Basic Explanation of Hyperlink Types

by: Jeyanth Watson

This article deals with the basic classifications of links. Links can be broken into many categories and types, and having the basic knowledge of what each category means is important. This article does not go heavily into actual linking strategies, since that is a far broader subject.

Reciprocal Links

Reciprocal linking is a classic and very common type of link. Also known sometimes as two ways linking, it is basically the process of link trading with other webmasters. It's the whole idea of 'You link to me, and I’ll link to you'. Oftentimes you will see websites with a 'links' page someplace on their site, often buried at the bottom someplace. These pages are filled with various links to other sites that hopefully have something sort of in common with the site you’re visiting.

Reciprocal links are falling somewhat out of fashion lately in favor of one way links, which are considered more powerful, and requiring less maintenance. It is widely thought that the search engines recognize the links are reciprocal ones and give the link somewhat less weight than if it was just a one way incoming link. One other issue with reciprocal linking is that once you setup a reciprocal link with another webmaster, you have to return to their site occasionally to check and make sure your link is still actually there. Overall this is still a powerful way to get links however and should not be overlooked.

One Way Links

One way links are links that are incoming to your site, but are different than reciprocal links in that you don't have an outgoing link back out to the site that linked to you. For instance if I throw up a link to the Google homepage, that’s a one way link to Google. They are not putting a link on their homepage back to here, though wouldn't that be nice! This is essentially the most basic type of linking there is, but it can also be the most powerful.

When the search engines go through someone’s site and see a link to your site, they give weight to your site. When they see that you are not linking straight back to the site that linked you, that you don't have some sort of linking agreement going on, they give it more weight as a link. The assumption is that someone of their own free will linked to your content, and did not require you to link back to them to do it. If that is the case, then your content must be of high quality. Since one way links are so powerful, and don't require any ongoing maintenance, most linking strategies out there today revolve around one way links of some form.

Three Way Links

Three way links are a variation on reciprocal links. However instead of the 'You link to my site, I link to yours' idea, the correct term would be 'You link to my site, I link to yours from a different site of mine'. It's basically a reciprocal link, but your incoming link is coming from some 3rd site instead.

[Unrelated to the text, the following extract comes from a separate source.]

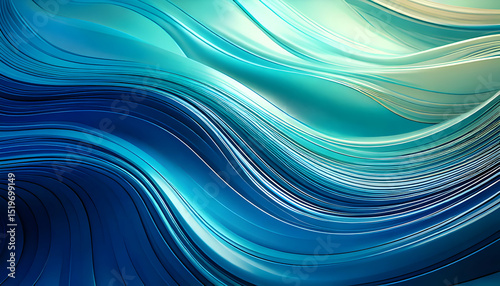Abstract waves of blue and teal create a fluid, dynamic visual effect.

It is thought that the search engines don't particularly care much for three way linking. The thought is that you may be trying to fool the search engines into thinking you are getting a one way link from someplace, when its really just a reciprocal link in disguise. One use of three way linking that is common is for when you have 2 very popular sites, and one brand new one. The idea is that 'I link to your brand new, unpopular site from my very popular site, and instead of me linking back to you from my new site that isn't as popular. I will link to you from one of my other, very popular sites so you get a better weight with the search engines'. Three ways linking is fairly common, but I don't do it and I would not recommend it.